The invariant meanings are the esoteric associations via the alphabet of wisdom, thus: ha = hetva (cause); a = anutpāda (unarisen); ū = ūna (wanting); and ṃ = ātman (self). In practice we would take each element as a meditation practice by inserting it into a general forumla e.g. The seed syllable ha is a door to all dharmas because they are without cause. The idea being that each phrase, one for each of the letter of the alphabet, points to the the śunya nature of dharmas - ie that they lack svabhava or self-being. For more on this see the A as a Dharma Door calligraphy.
The ultimate meanings are difficult to sum up simply because the possible associations are so extensive and the Ungi gi is a very dense and terse text - summaries which do justice to the text end up being the same size as the text itself. All I can do here is offer some indications to give a taste and suggest the reader gets hold of Ungi gi.
The ultimate meaning of a is that it is the first sound and therefore represents relative being; it is non-arising and therefore empty (śunya); a is also uncreated and therefore is the source of all things. A is the first sound because it begins the alphabet, it is the first sound that comes when you breath out, and it is said to be present in all letters - consonants have an implicit accompanying a vowel.Because of ha the 1st cause is unobtainable we should know that predications of all things are our mind only and that the real feature of our mind is all-inclusive wisdom. Ū means that because all things are ūna, or wanting, the ultimate meaning is that no existence is found wanting of Buddhahood; the 'One Mind' is perpetual and doesn't increase or decrease; it is eternity, bliss, the Self, purity, in short the nature of Suchness pervades all beings. Finally the ultimate meaning of ṃ is the all-embracing equality, the transformation of Mahāvairocana into all things, it is the sole great self of selfless existence.
Note that although Kūkai adopts the language of permanence and even Self (Ātman), he is not negating the principle of pratītyasamutpāda: the contradiction is more apparent than real. Kūkai accepts a radical form of the idea that all things interpenetrate that is not explicit in pratītyasamutpāda but which can be deduced from it, and came to prominance with the Avatamsaka Sūtra around the 2nd century CE. In this view all dharmas are fully and perfectly interpenetrated by all other dharmas - and this includes the Buddha and the principle of Buddhahood (Dharmakāya).
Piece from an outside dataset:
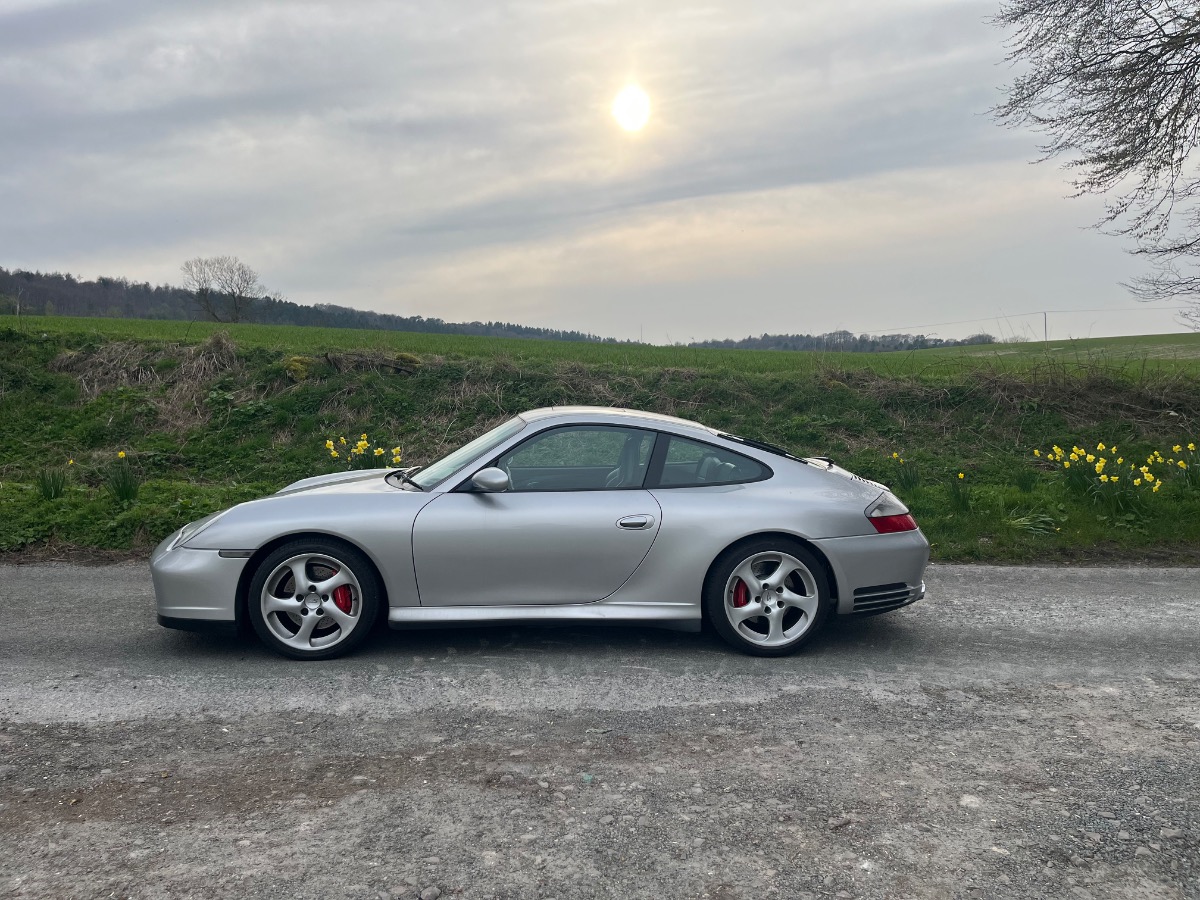 2003 Porsche 911 Image 2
The whole mess is not solid and real, but neither is it illusion and unreal. Neither real nor unreal can fully describe reality. We must keep in mind that Kūkai's rhetoric is shaped partly by the early Vajrayana texts, but also as a reaction to the scholastic formalism in 9th century Japan.
Kūkai's synthetic meanings can be glossed as: ha summarises all religious teachings; a is absolute reality; ū includes all religious practices; while .m encompasses all religious attainments. The a bīja symbolizes the Dharmakāya; it is neither being nor non-being, nor both, nor neither, being beyond such dualities; a is the negative prefix in Sanskrit which forms a negative to any word when added to the beginning; this is the truth tha all Buddhists teachings are pointing to so a summarises them all.
In Kūkai's analysis then hūṃ is a hermeneutical device which can unlock the true nature of reality. It is massively polyvalent, which is to say that it has almost infinite meaning because of the network of associations that it sits at the center of.